The Future of Teaching?

10 April 2012, 1742 EDT

Dan Drezner was kind enough to link to my YouTube ISA Presentation. However Foreign Policy has headlined it “Is This the Future of Teaching?” Given that a number of colleagues have written to me this morning along the lines of “if that’s the future of teaching, I might as well give up, it looks too hard,” and “how long did that take you, anyway?!!” I feel compelled to provide some caveats.

1) If the medium is the message here, it’s a message about conference presentations, not in-class lectures. And while I will continue to use video mash-ups at conferences in the future, they’re not always going to be this detailed and probably never again going to be this long. My goal in the future is to limit them to 3-5 minutes. This will not only make them more manageable and concise, but will also leave more time for discussion on panels. I’d love it if more people adopted this approach, but it’s certainly not the only one. At this past ISA, I’ve participated on panels that included Powerpoint and video, that included only Powerpoint, that included only video, and that had no visuals. This model provides additional tools for presenting, but they’re not the only ones. My point re. conference presentations is that we can leverage social media not only to present in interesting ways but also to disseminate our academic work more widely – and that this is changing how the academy works and who it reaches.

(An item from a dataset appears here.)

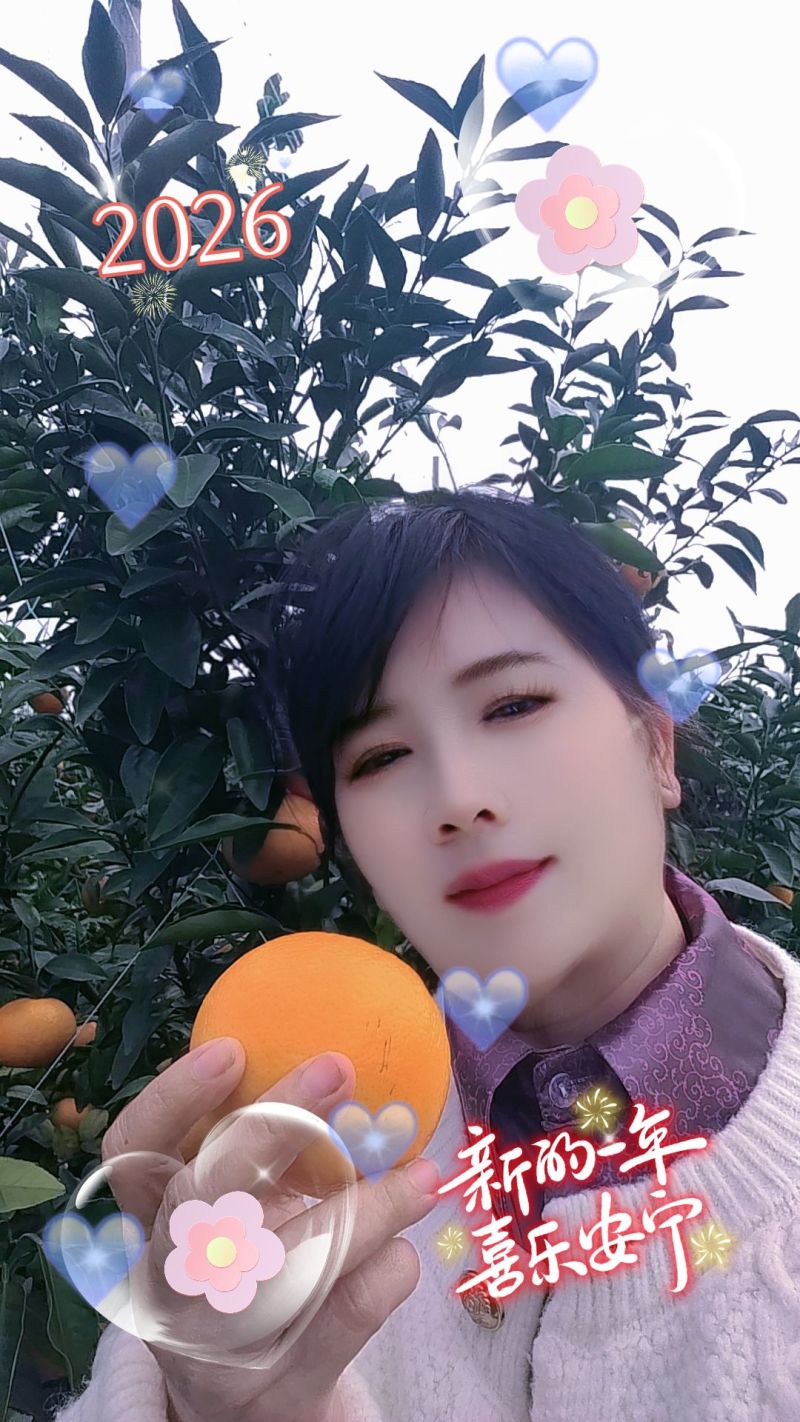 《沃柑》。广西武鸣产地，现摘现卖。一件代发。保质保量。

2) If you do want to emulate this kind of presentation style, it’s not as hard as it looks, and it gets easier with practice. I created very little original content for this video – simply grabbed bits of existing YouTube videos and pasted them together, then threw on a soundtrack (which you could also easily skip – some commenters on the video have said the music is distracting) and carefully cited the sources. The mashing-up itself is pretty easy once you get used to it. I use a software package called Camtasia, which allows you to grab video snippets as easily as you might take a screenshot. [One qualification: identifying and capturing illustrative tweets is time-consuming and probably not worth the effort. Capturing, pasting them into a Powerpoint slide then taking a short video of the slide: easy enough. Finding the right ones is hard as Twitter does not make it easy to search for them.] But the bulk of the time creating this presentation was formulating my ideas in written form, and finding appropriate visuals to go with, but truth be told that’s the most time-consuming part of any conference presentation.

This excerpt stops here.